All patients in our study cohort reported at least one symptom within the GI domain; hence, the prevalence of specific GI-related symptoms was analyzed further. The findings showed 42 patients (70%) reported constipation. Twenty-four patients (40%) experienced nausea or stomach sickness. Six patients (10%) had difficulty swallowing (dysphagia), and five patients (8.33%) complained of excessive drooling of saliva (sialorrhea). This highlighted a high burden of GI dysfunction among the patients, with constipation being the most frequently reported symptom (Figure 2).

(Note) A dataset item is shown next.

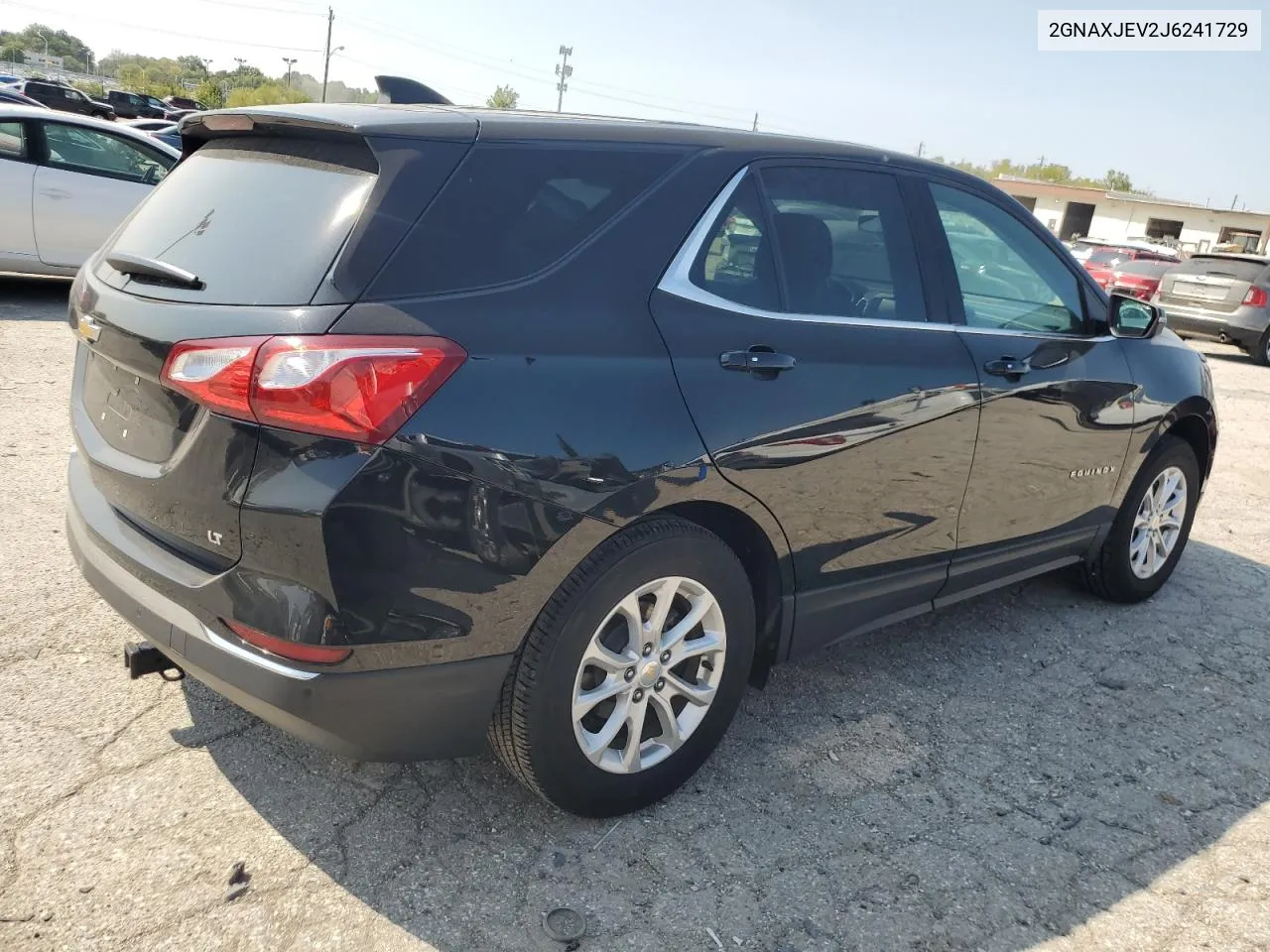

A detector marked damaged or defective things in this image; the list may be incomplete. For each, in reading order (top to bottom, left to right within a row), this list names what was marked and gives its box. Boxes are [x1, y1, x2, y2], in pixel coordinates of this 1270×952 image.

cracked pavement [2, 278, 1270, 952]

Figure 2. Occurrence of individual symptoms in the GI domain .

Figure 2

Due to the overlap and co-occurrence of symptoms, such as constipation with nausea or difficulty swallowing with excessive salivation, the sum of percentages exceeded 100%. Consequently, the total number of symptom reports was higher than the number of patients (n=60), as individual patients frequently experienced multiple GI symptoms simultaneously.

GI, gastrointestinal

On further analysis, 27 (45%) out of 60 patients had developed at least one NMS prior to the diagnosis of PD. Twenty-three patients (38.3%) experienced only one symptom; four patients (6.67%) experienced two symptoms simultaneously. Constipation coexisted with both anosmia/hyposmia and restless leg syndrome (RLS) in different subsets of patients.

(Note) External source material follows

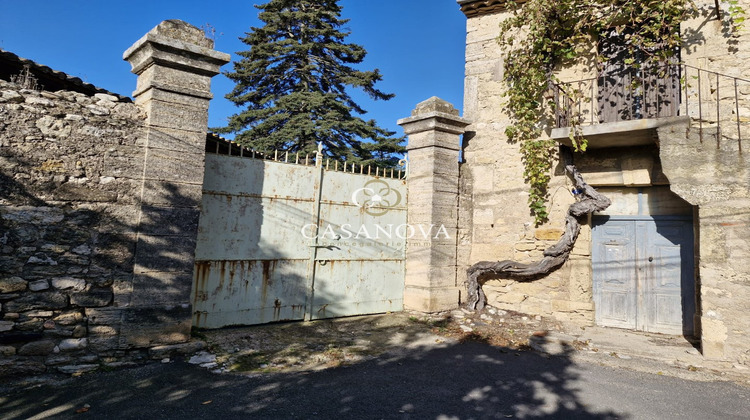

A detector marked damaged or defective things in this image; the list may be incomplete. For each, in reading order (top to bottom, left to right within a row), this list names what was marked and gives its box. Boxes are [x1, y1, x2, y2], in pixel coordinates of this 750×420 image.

The severity of each NMS contributing to the overall NMS burden was assessed by the mean severity score for each symptom. By averaging the scores of each symptom's overall severity, the burden was calculated. Mean severity scores are the sum of all severity scores for the symptom divided by the number of patients. The severity analysis of NMS in the patient cohort revealed that depression had a mean severity score of 6.22, indicating a relatively high level of impact, while anxiety was slightly lower with a mean score of 4.47. Apathy followed with a score of 3.53. In contrast, psychosis had a notably low mean severity score of 0.93. Similarly, impulse control and related disorders were also low, with a mean score of 1.02. Cognition issues were moderately severe, with a mean score of 5.32, while orthostatic hypotension and urinary problems scored 3.28 and 3.52, respectively. Sexual dysfunction had a very low mean severity score of 0.07. GI issues, however, stood out as the most severe, with a mean score of 7.08. Sleep and wakefulness issues had a mean score of 2.15, while pain was also significant with a score of 6.80. Weight loss showed no reported severity (0.00), and impaired olfaction had a mean score of 4.60. Both physical fatigue and mental fatigue were reported with moderate severity, scoring 4.67 and 4.50, respectively. Finally, excessive sweating, like psychosis, had a low mean severity score of 0.93. These results showed that GI issues, pain, and depression were among the most severe NMS, while sexual dysfunction and psychosis were reported with low severity (Figure 3).

Figure 3. Mean severity scores of individual NMS domain.

Figure 3

GI symptoms and pain followed by depression were more severe and burdensome in the patient cohort.

NMS, non-motor symptom; GI, gastrointestinal

The correlation between age and the severity of each NMS domain revealed that orthostatic hypotension, pain, and physical fatigue had a positive correlation with age, indicating that their severity tended to increase with advancing age. Conversely, depression and anxiety showed a strong negative correlation, indicating their severity decreased with age (Figure 4). Younger patients (<60 years) tend to experience more severe emotional symptoms like depression and anxiety. Older patients (60-80 years) showed increasing severity of physical symptoms, including pain, GI issues, physical fatigue, and cognitive decline. This graph (Figure 5) below highlights the importance of focusing on various types of NMS based on the patient's age, with younger patients potentially needing more support for emotional health and older patients requiring management of physical and cognitive decline.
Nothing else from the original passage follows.